Our cities of the 21st century generate massive amounts of geo-referenced multi-modal data: from open or governmental data, to the digital traces that we leave in online services like Foursquare or Uber.
Learn the basic techniques of spatial data science to analyze such datasets and apply them to the real-world problem of predicting Airbnb prices in a neighborhood.
Theory:
Familiarize participants with the challenges of working with geo-referenced, multi-modal data:
- Tobler’s first law of geography, coordinate systems, projections
- Types of maps (choropleth e.g.) and discretizations (natural breaks e.g.) and how they can be used to lie
- Data types, formats, and sources!
- Types of spatial data analysis: ESDA, spatial modeling, etc.
- Problems: MAUP, ecological fallacy, spatial-autocorrelation
- Measuring proximity: nearest-neighbors, weight matrixes
- Global measure of spatial-autocorrelation: Moran I’s
- Spatial autoregressive models (lag vs error spatial models or a combination )
- Applications: urban computing, crime prediction, accident hotspots, etc.
Application:
We will tackle a real-world problem and apply the concepts above to the following question: How are Airnbnb prices influenced by the listing properties and the attributes of the neighborhood?

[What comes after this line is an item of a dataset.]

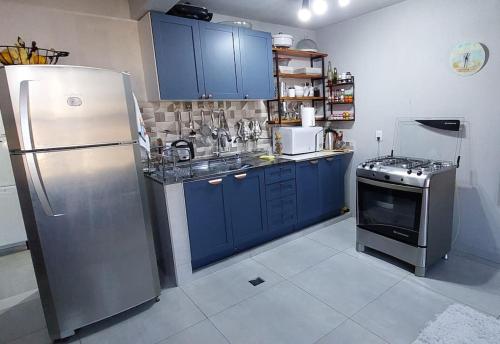 a kitchen with blue cabinets and a stainless steel refrigerator at Loft espaçoso e confortável in Três Marias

Datasets used (will be made available, here the original sources):
- Airbnb listings (on point level) http://insideairbnb.com/
- Census (on census tract level) https://www.census.gov/
- Crime (originally on point level, processed on census tract level) https://opendata.cityofnewyork.us/
- Foursquare venues (originally on point level, processed on census tract level) https://developer.foursquare.com/
- Streetscore values (originally on point level, processed on census tract level) http://streetscore.media.mit.edu/
Beginner level
- Participants are expected to bring a laptop running Jupyter Notebook. We highly recommend installing it via Anaconda , which conveniently installs Python, the Jupyter Notebook, and other commonly used packages for scientific computing and (spatial) data science (pysal, numpy, pandas, matplotlib,, ...).
- Code and datasets will be available prior to the workshop and participants are expected to download it from GitHub.